London: Britain's economic growth in the next two years will be weaker than previously thought, held back by a global slowdown and domestic austerity measures, the British Chambers of Commerce (BCC) said.
The BCC revised down its gross domestic product (GDP) growth forecasts for 2013 and 2014 to 1.0 and 1.8 per cent respectively from 1.2 and 2.2 per cent, also citing weak household consumption.
Economists polled last month predicted similar rates of growth and the BCC report will provide gloomy reading for finance minister George Osborne the day before he presents a half-yearly budget statement to parliament.

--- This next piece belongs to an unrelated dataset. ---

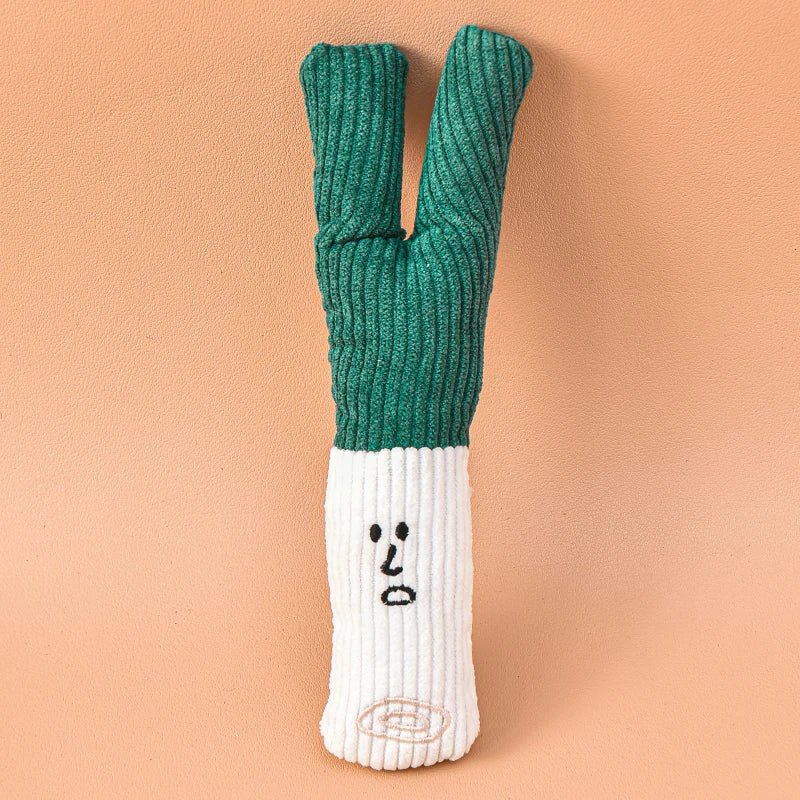 https://cdn.shopify.com/s/files/1/0647/9170/7830/files/peluche-poireau-pour-chien-3460404.webp?v=1777923968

"We expect quarterly growth to increase gradually over the next two years, but we have to accept that it will remain modest and below trend for some time," said BCC chief Economist David Kern. "Although there will be a slow improvement over the medium term, GDP will only return to its pre-recession levels at the end of 2014."
After two recessions in four years, Britain bounced back to growth in the last quarter, helped by extra working days and London's hosting of the Olympic Games. But analysts reckon the economy will expand by a far lower 0.1 per cent in the current quarter and will barely pick up in the year ahead.
The recovery has been hampered by a protracted debt crisis in the eurozone, Britain's main trading partner, as well as by the government's debt-cutting plans.
Osborne said on Sunday that it was taking longer than hoped to deal with Britain's debts, but insisted he would stick with the programme when he delivers what is known as the Autumn Statement roday. However, the BCC said the government also needed to support growth, job creation, exports, investment, and business confidence.
"The fact remains that growth is still too weak. We are calling for decisive action in the Autumn Statement. Business wants a hybrid strategy that delivers both deficit reduction and (economic) growth," said John Longworth, BCC director general.
Public sector net borrowing in the 2012-13 year will be £104.1 billion ($166.8b), the BCC said, around 12 billion higher than the Office for Budget Responsibility, an independent fiscal forecasting body, predicted in March.
The trade group, representing firms employing more than one in five private-sector workers in Britain, said unemployment was likely to peak at around 8.1 per cent in the final months of next year partly due to job losses in the public sector. It also revised up its inflation forecasts.